In this exercise, the entries below include pictures. Repeat exactly the lines from the line with "44 Central Avenue, Elliot" to the line with "潘維廉和實(shí)踐隊師生在昌吉州博物館合影。主辦方供圖", including both, but without the pictures.

**Records supplied**
*-*-*
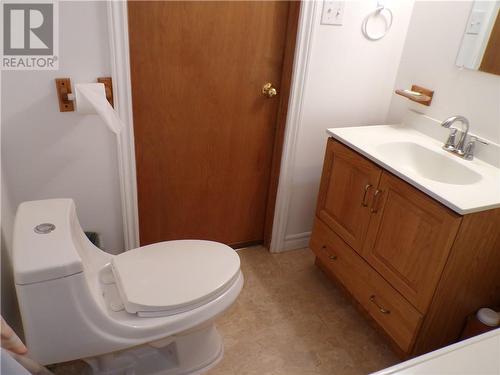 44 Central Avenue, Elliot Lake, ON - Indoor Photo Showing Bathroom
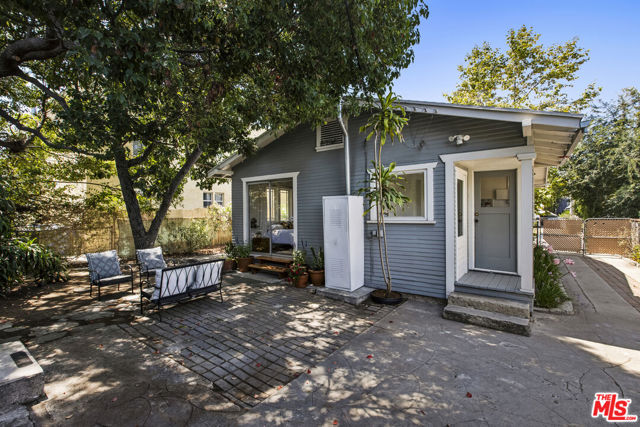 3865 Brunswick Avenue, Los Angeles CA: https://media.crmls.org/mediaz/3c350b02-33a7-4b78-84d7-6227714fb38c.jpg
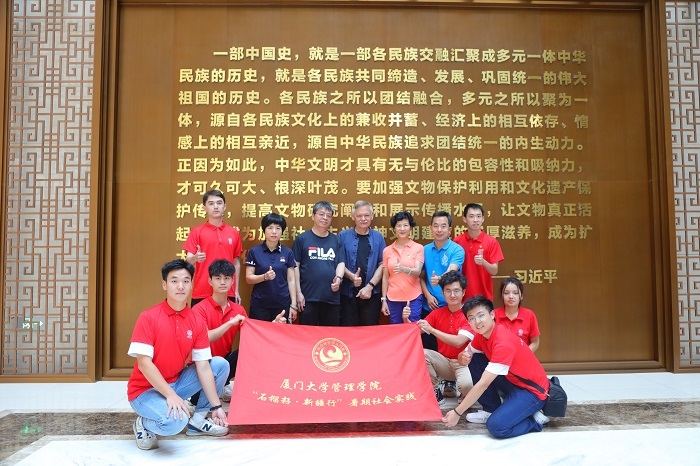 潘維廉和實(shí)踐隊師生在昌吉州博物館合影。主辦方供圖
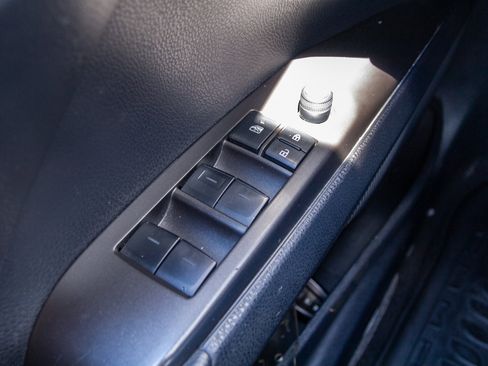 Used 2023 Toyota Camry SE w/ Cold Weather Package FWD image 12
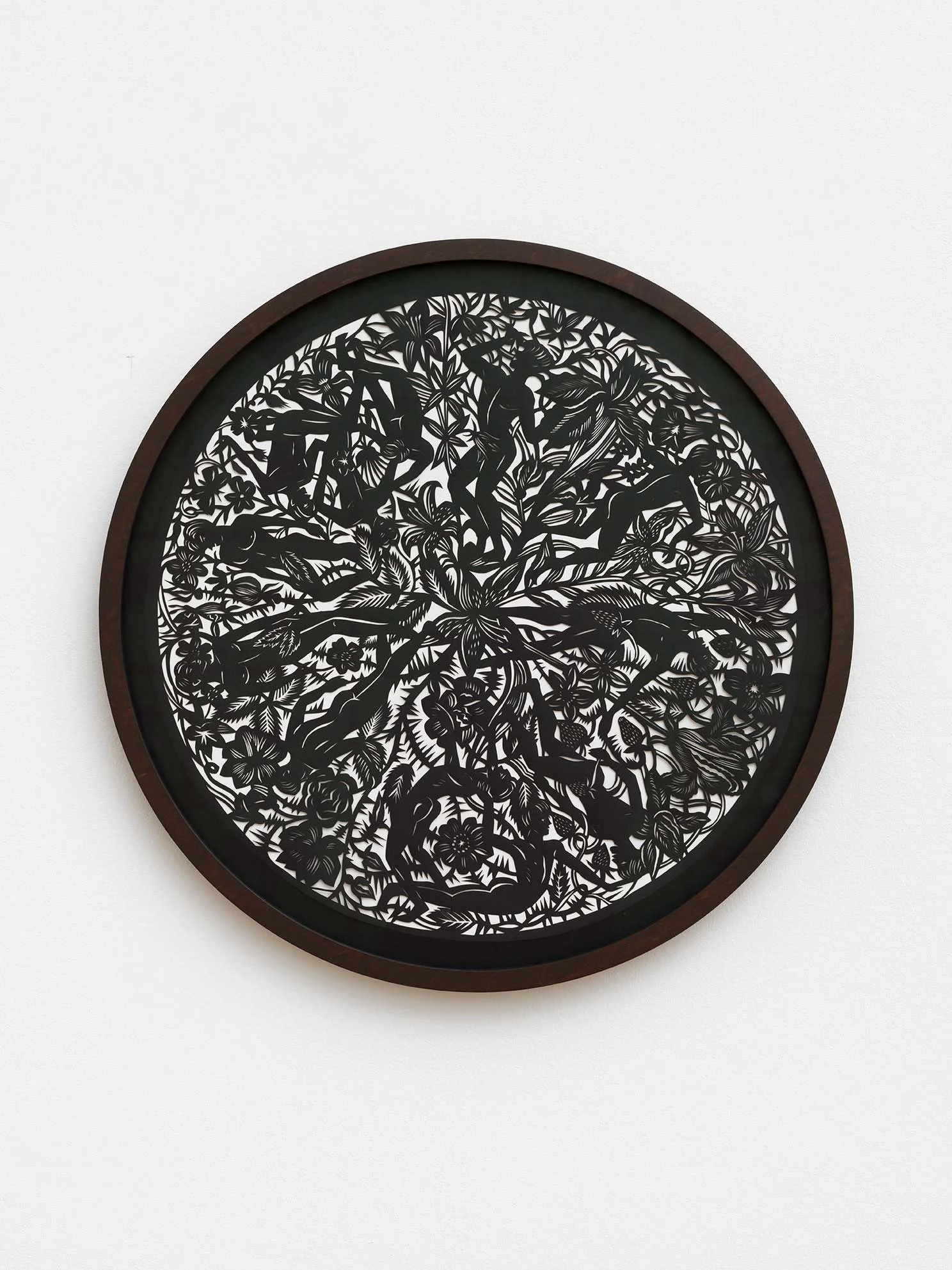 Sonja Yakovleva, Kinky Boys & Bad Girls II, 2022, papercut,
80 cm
*-*-*
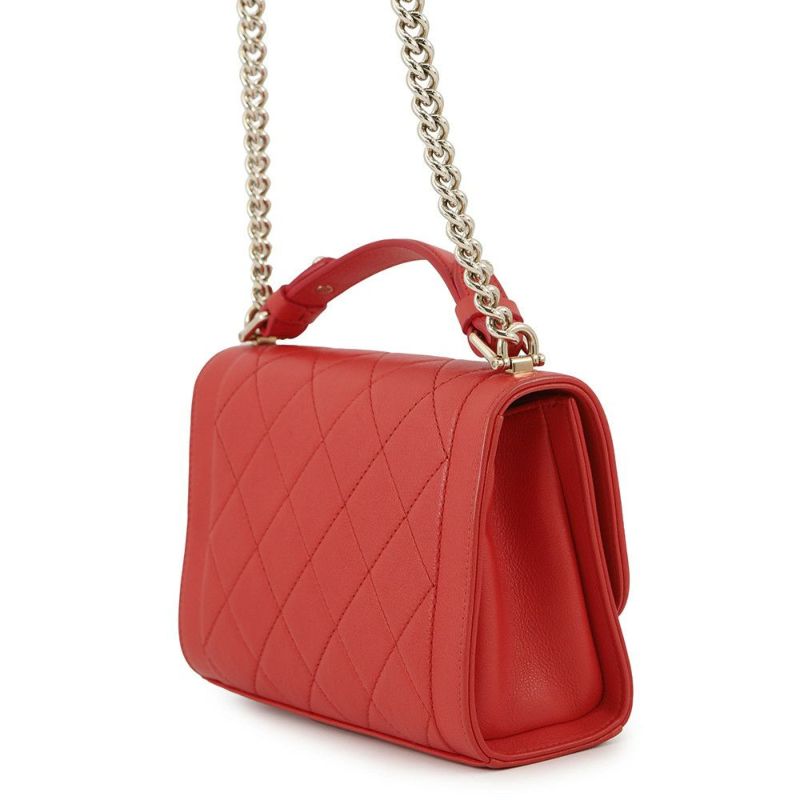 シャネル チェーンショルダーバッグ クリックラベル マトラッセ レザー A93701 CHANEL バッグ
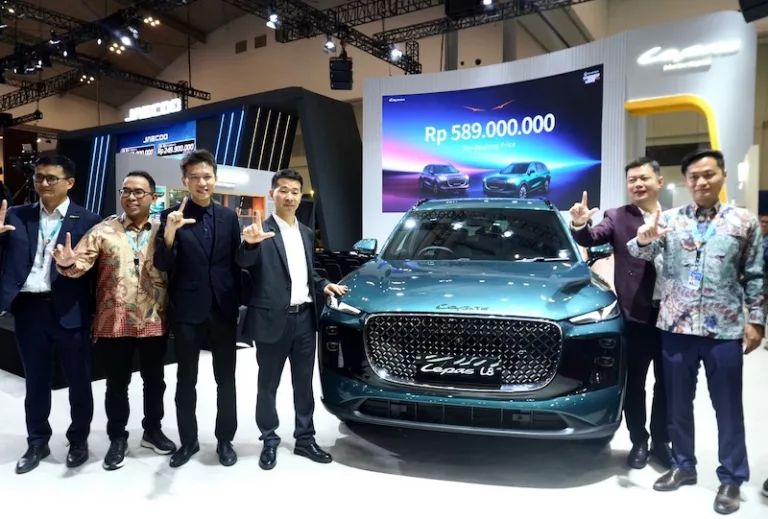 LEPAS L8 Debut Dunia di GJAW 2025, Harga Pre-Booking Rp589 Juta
*-*-*
**Written reply**
 44 Central Avenue, Elliot Lake, ON - Indoor Photo Showing Bathroom
 3865 Brunswick Avenue, Los Angeles CA: https://media.crmls.org/mediaz/3c350b02-33a7-4b78-84d7-6227714fb38c.jpg
 潘維廉和實(shí)踐隊師生在昌吉州博物館合影。主辦方供圖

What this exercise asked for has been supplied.